An effective SEO strategy begins with extensive research. Sure, you need to know the keyword phrases searched most frequently by customers in your market. But that information alone is not enough to guide your SEO efforts and create the right keyword-rich editorial content.
Additionally, you need to know how many searches are done each month on each individual keyword phrase in your keyword universe.
The simple but often overlooked truth is this: There’s a popularity contest going on within your keyword universe, and some keyword phrases are used much more often than others. That can create an intense competition — and often your website won’t have the gravitas to win.
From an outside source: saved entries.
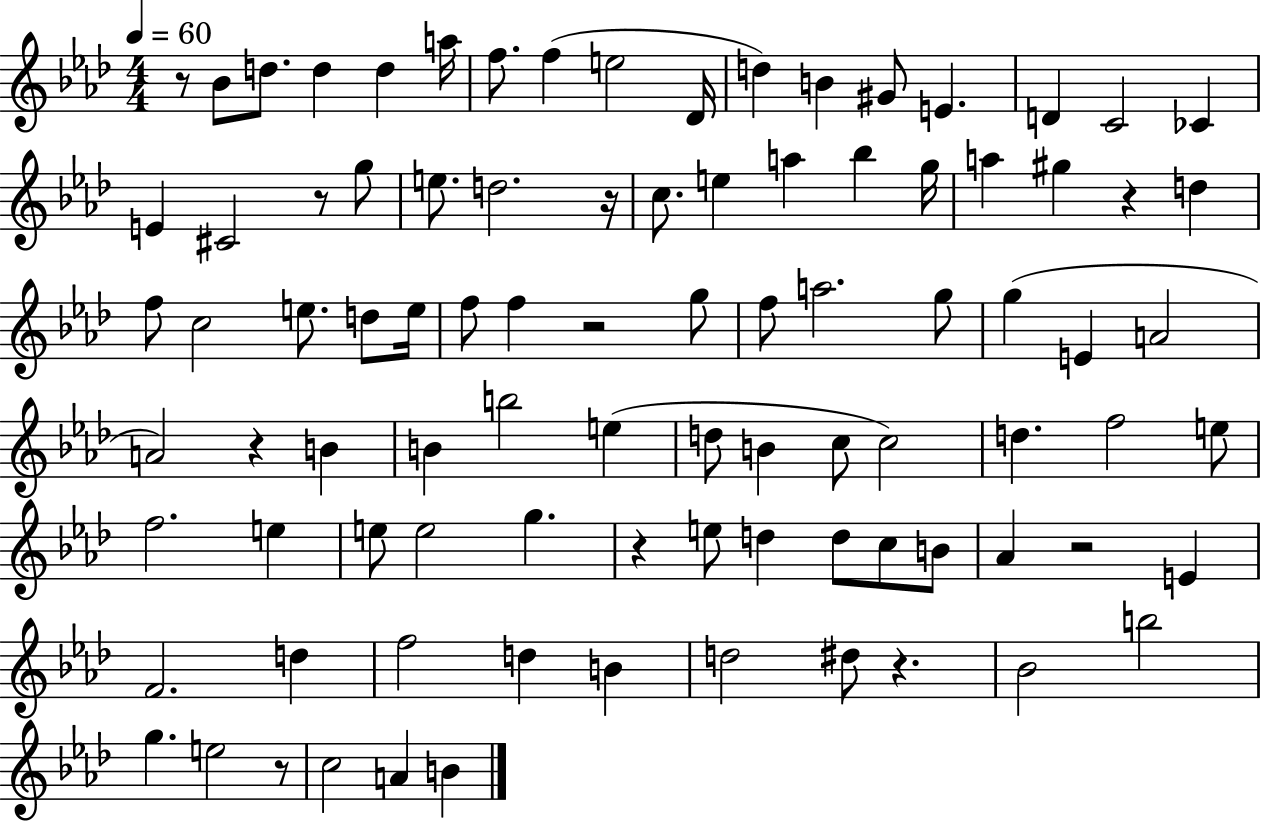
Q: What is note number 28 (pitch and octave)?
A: G#5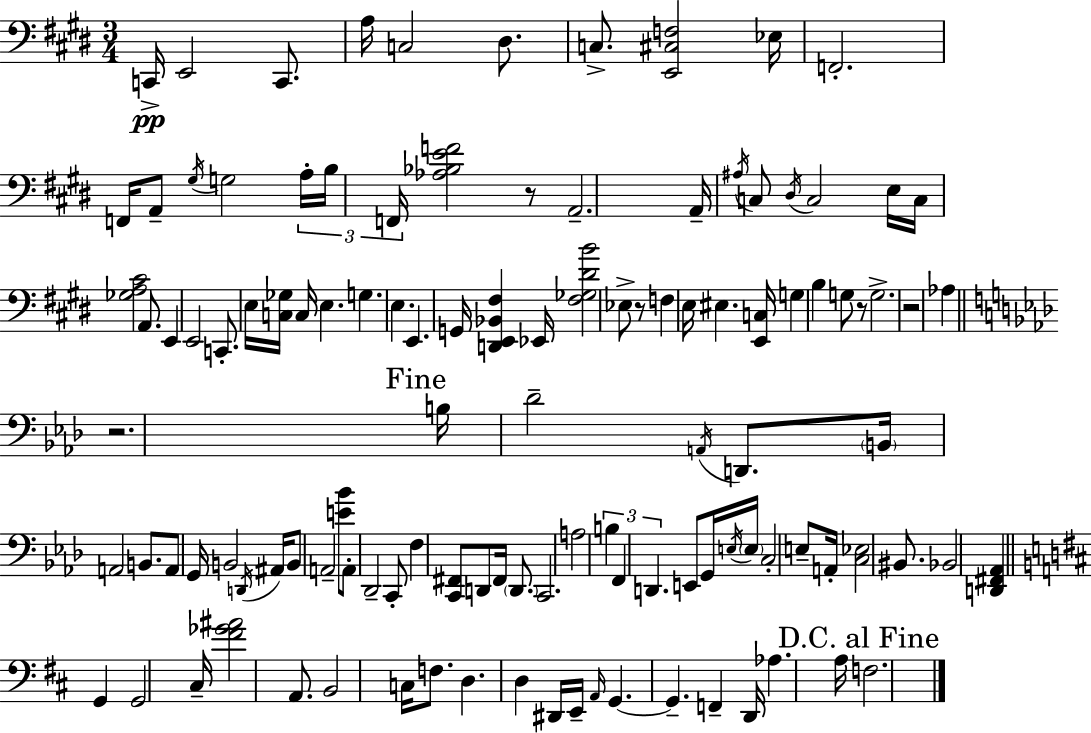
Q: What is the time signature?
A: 3/4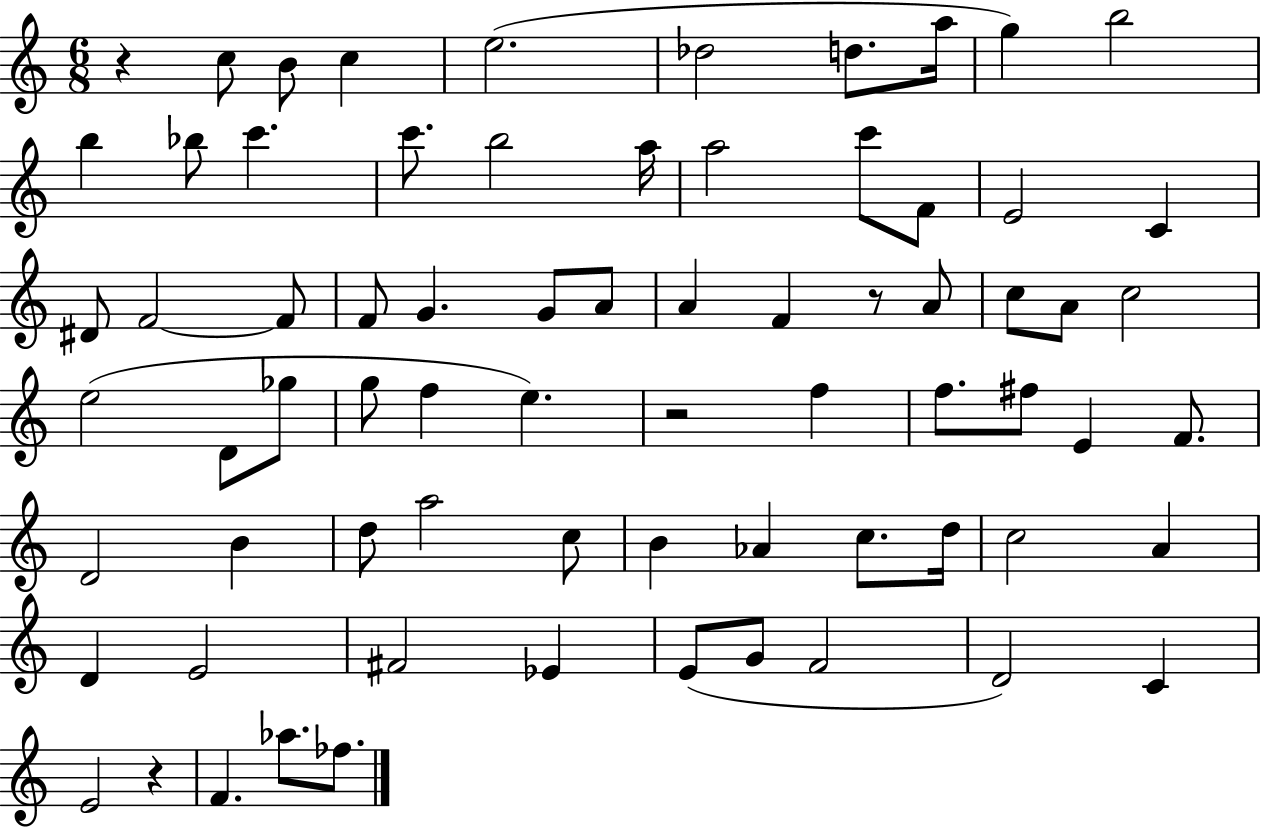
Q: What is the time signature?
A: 6/8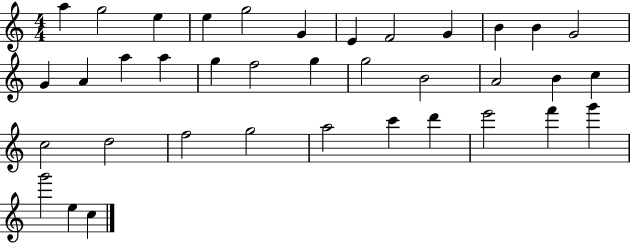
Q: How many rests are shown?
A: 0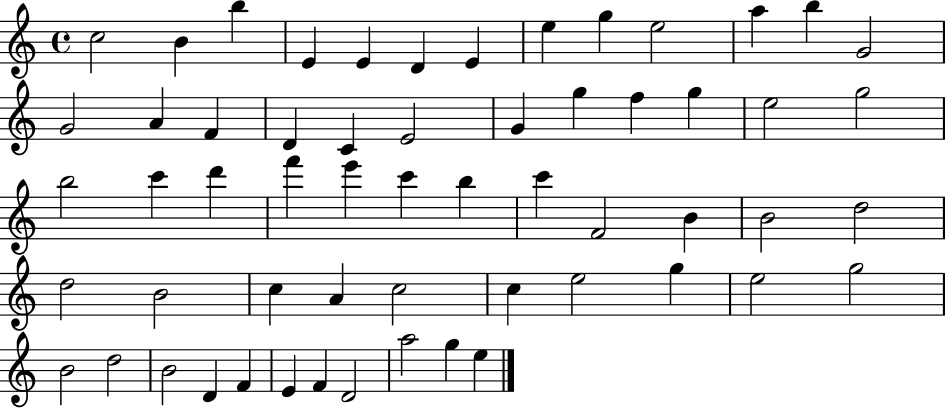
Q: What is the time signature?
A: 4/4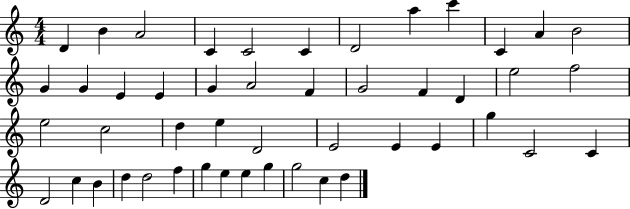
{
  \clef treble
  \numericTimeSignature
  \time 4/4
  \key c \major
  d'4 b'4 a'2 | c'4 c'2 c'4 | d'2 a''4 c'''4 | c'4 a'4 b'2 | \break g'4 g'4 e'4 e'4 | g'4 a'2 f'4 | g'2 f'4 d'4 | e''2 f''2 | \break e''2 c''2 | d''4 e''4 d'2 | e'2 e'4 e'4 | g''4 c'2 c'4 | \break d'2 c''4 b'4 | d''4 d''2 f''4 | g''4 e''4 e''4 g''4 | g''2 c''4 d''4 | \break \bar "|."
}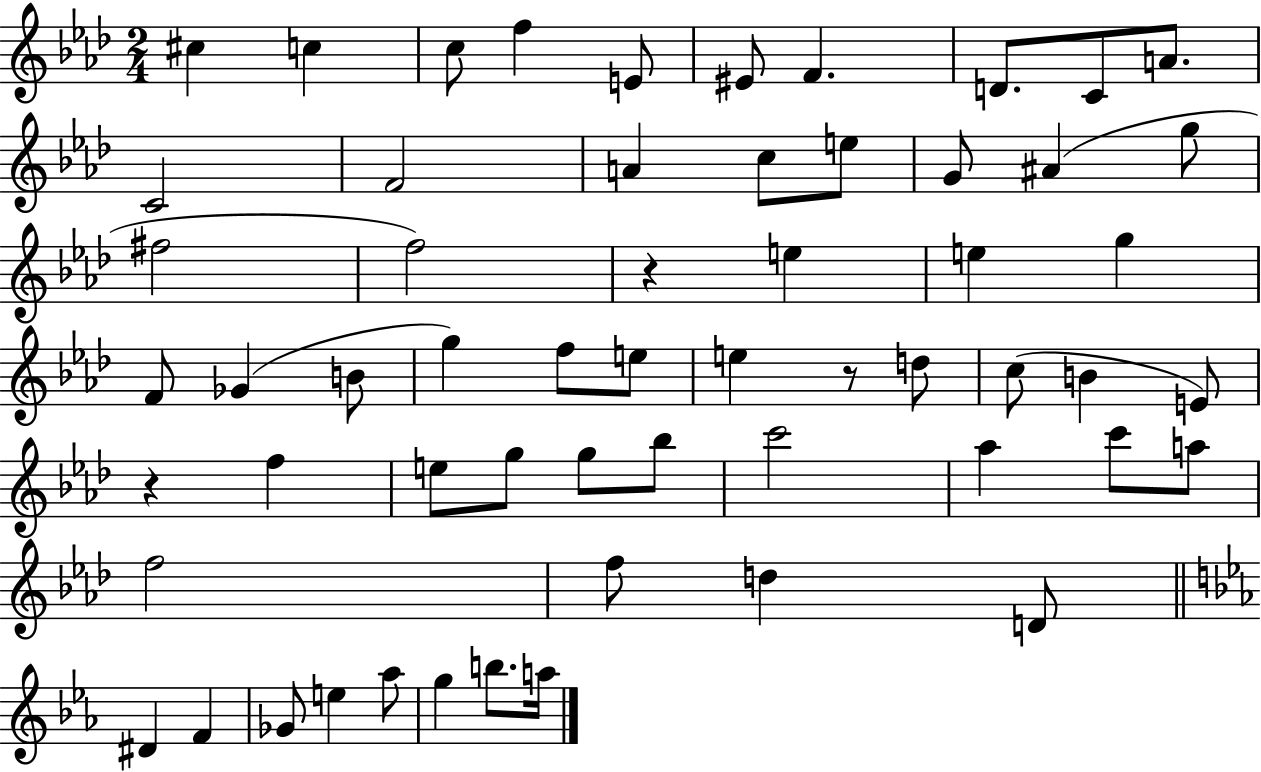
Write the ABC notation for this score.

X:1
T:Untitled
M:2/4
L:1/4
K:Ab
^c c c/2 f E/2 ^E/2 F D/2 C/2 A/2 C2 F2 A c/2 e/2 G/2 ^A g/2 ^f2 f2 z e e g F/2 _G B/2 g f/2 e/2 e z/2 d/2 c/2 B E/2 z f e/2 g/2 g/2 _b/2 c'2 _a c'/2 a/2 f2 f/2 d D/2 ^D F _G/2 e _a/2 g b/2 a/4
You need to pick keyword fights you can win
If you do the math, you’ll realize that there is a keyword risk ranking inside each keyword cluster in your keyword universe, and this information can help prioritize your choices. You may discover that it is unwise to target the most popular keyword phrases, if there is a lot of competition for those phrases.
The best SEO keyword strategy might be to target keyword phrases that are more modest in popularity, and for which there is little competition.
To use an economic metaphor, you’re looking for modest demand and low supply.
The Google Keyword Tool can tell you the demand. The Keyword Competitive Index (KCI) reveals the relationship of demand to competition.
The KCI is your estimated annual search impressions (monthly average searches taken from the GKT times 12 months) divided by the number of exact match search engine results (the competition) at a point in time. Read more about using the Google Search Phrase Match command to find exact match search results.
Using the Keyword Competitive Index (KCI)
The “sweet spot” for your SEO efforts is often a keyword phrase with a high KCI. At Mequoda Daily, we generally consider any keyword phrase with a KCI of “1” or better to be a high value, low-risk target. Any keyword phrase with a KCI of .50 to .999 is a B-grade target. A keyword phrase with a KCI of .1 to .49 is a C-grade target. Anything with a lower KCI is not a reasonable target for Mequoda Daily and most of our consulting clients.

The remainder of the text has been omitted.